Fondsen werven voor een nieuw Zuid-Afrika
In deze tweede week van het Change the Game debat onderzoeken we hoe lokale fondsenwerving en claim-making in de praktijk werken. Gisteren ging dat over Kenia, vandaag over Zuid-Afrika. Uit onderzoek blijkt dat in Zuid-Afrika mensen uit alle lagen van de bevolking hulp willen bieden aan hun landgenoten in nood. Vice Versa vroeg drie ervaringsdeskundigen op het gebied van lokale fondsenwerving en claim-making naar hun ervaringen in de praktijk.
‘Het zijn niet alleen mensen uit de middenklasse die geld doneren aan de armen, onze ervaring is dat er juist ook veel geld bij de arme bevolking vandaan komt.’ Aan het woord is Tina Thiart, een bekende mensenrechtenactivist uit Zuid-Afrika die bekent staat als ‘fondsenwervings goeroe’. Thiart werkte jaren lang voor de Women’s Hope Education and Training Trust (WHEAT). De organisatie helpt vrouwen met educatie, training en een duurzaam inkomen. Inmiddels heeft ze een eigen bedrijf opgericht, HGG NPO Sustainability Solutions, dat lokale ngo’s helpt om duurzaam te worden.
1000 Women United
In 1998 realiseerde Thiart zich dat er een verandering plaatsvond op het gebied van internationale fondsenwerving. Westerse overheden gaven hun geld liever in de vorm van begrotingssteun aan lokale overheden dan aan ngo’s. Hierop besloot zij dat er verandering moest komen in het werven van fondsen voor organisaties in Zuid-Afrika en dit werd haar missie voor de komende decennia.

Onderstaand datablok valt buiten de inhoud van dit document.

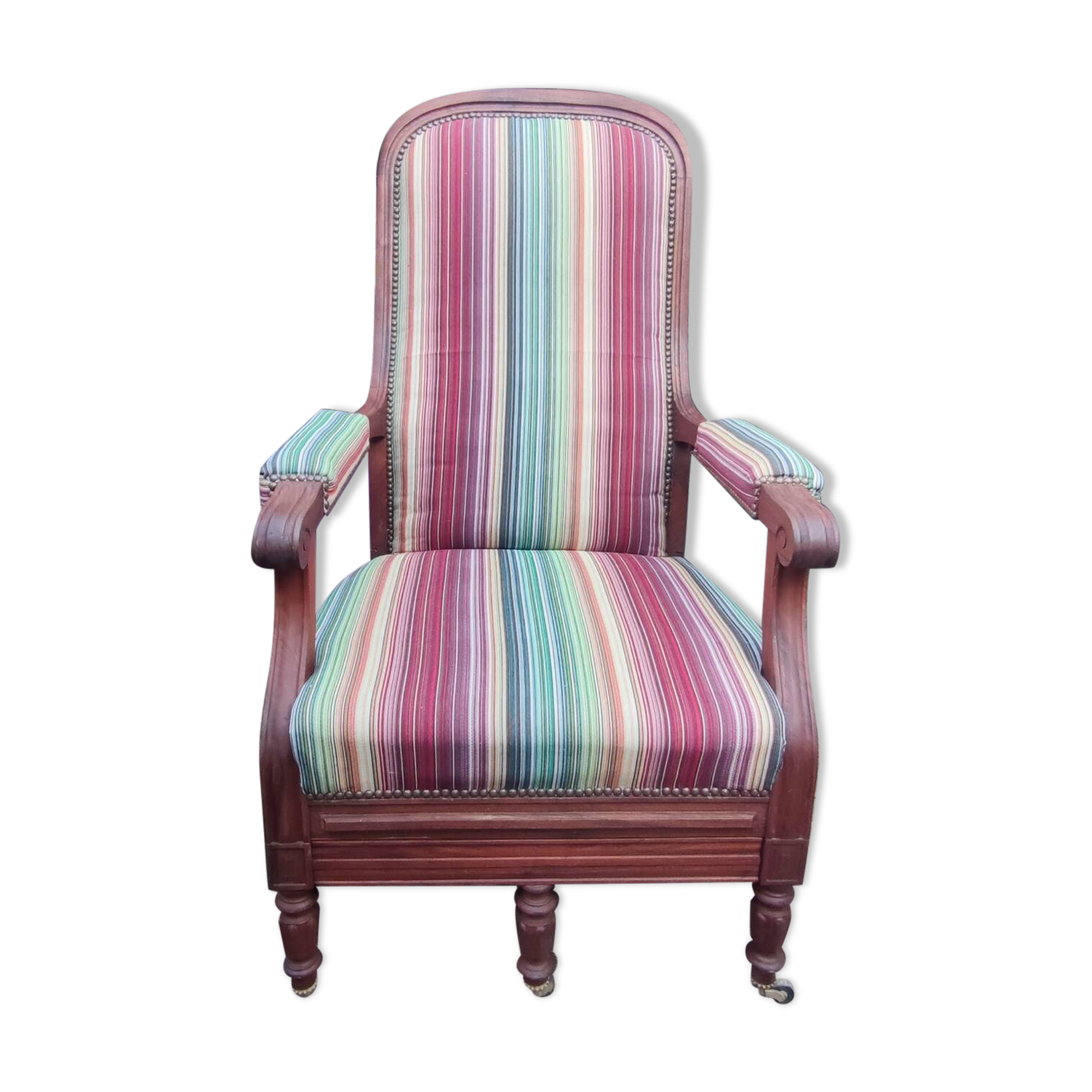 Voltaire rack and footstool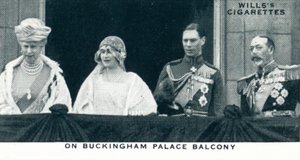 On Buckingham Palace Balcony, 1923 by Unbekannt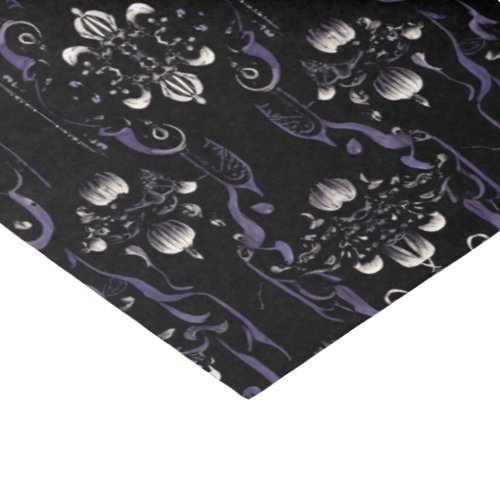 Black and Purple Gothic Pattern 5  Tissue Paper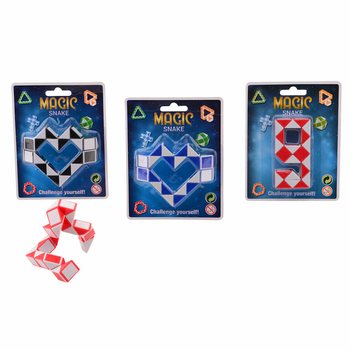 MAGIC SNAKE - 3D-PUSSELORM P&Aring; KORT (24 st.)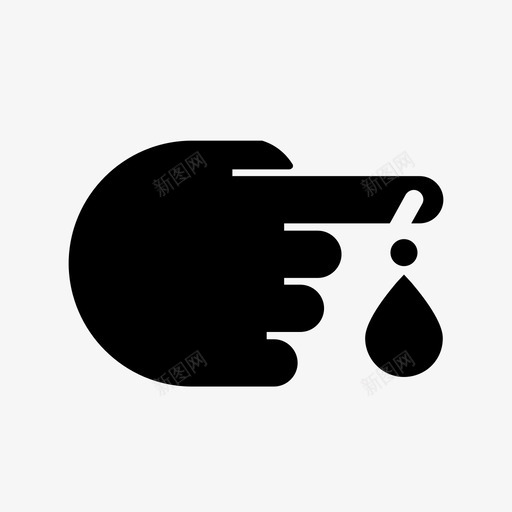 出血流血割伤图标svg_新图网 https://ixintu.com 伤口 出血 割伤 流血 药物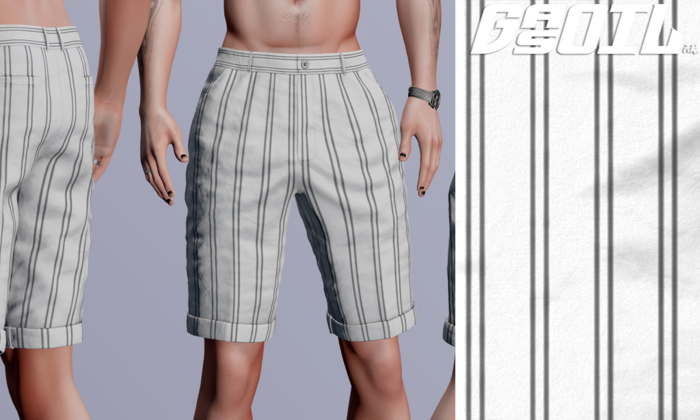 [GL - inc.] - Toby Shorts White Lines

Als een van haar meest succesvolle lokale fondsenwervingscampagnes noemt ze de 1000 Women United Against Domestic Violence. De campagne tegen huiselijk geweld is een donorevent in de vorm van een lunch waarbij 1000 vrouwen samenkomen om informatie te delen en het bewustzijn over huiselijk geweld in Zuid-Afrika te vergroten. ‘Een op de drie vrouwen krijgt in haar leven te maken met huiselijk geweld, vrijwel iedere vrouw kent wel iemand die ermee te maken heeft’, legt Thiart uit. ‘Tijdens deze lunch konden de vrouwen hun ervaringen delen en daar over praten, dat gaf de vrouwen een gevoel van saamhorigheid. Het was voor het eerst dat duizend vrouwen bij elkaar op een plek waren om met elkaar hierover te praten. Door de impact van de campagne wilden veel rijke mensen dit project steunen en hun naam er aan verbinden.’
Om lokaal fondsen te werven voor de campagne benaderde WHEAT zowel individuën als bedrijven. ‘Hierbij gingen we niet alleen maar voor het grote geld, maar ook voor de kleine beetjes. Bij lokale fondsenwerving gaat het volgens mij namelijk niet alleen om hoeveel geld je binnenkrijgt’, stelt Thiart, ‘maar minstens zo belangrijk is dat het project breed gedragen wordt.’
Ubuntu
Volgens Pulani Baloyi, directeur van Soul City Institute for Health & Development Communication (SCI), een van de organisaties die in samenwerking met Wilde Ganzen de mogelijkheden exploreert om lokaal fondsen te werven, is er nog een lange weg te gaan op het gebied van fondsenwerving in Zuid-Afrika. Volgens haar kan dit deels verklaard worden door de afhankelijkheid die veel Zuid-Afrikanen hebben van de overheid. ‘Zuid-Afrika kent geen geschiedenis van democratie. Burgers wachten af wat de overheid voor hen zal doen, er is geen besef van zelfonderhoud’, stelt Baloyi.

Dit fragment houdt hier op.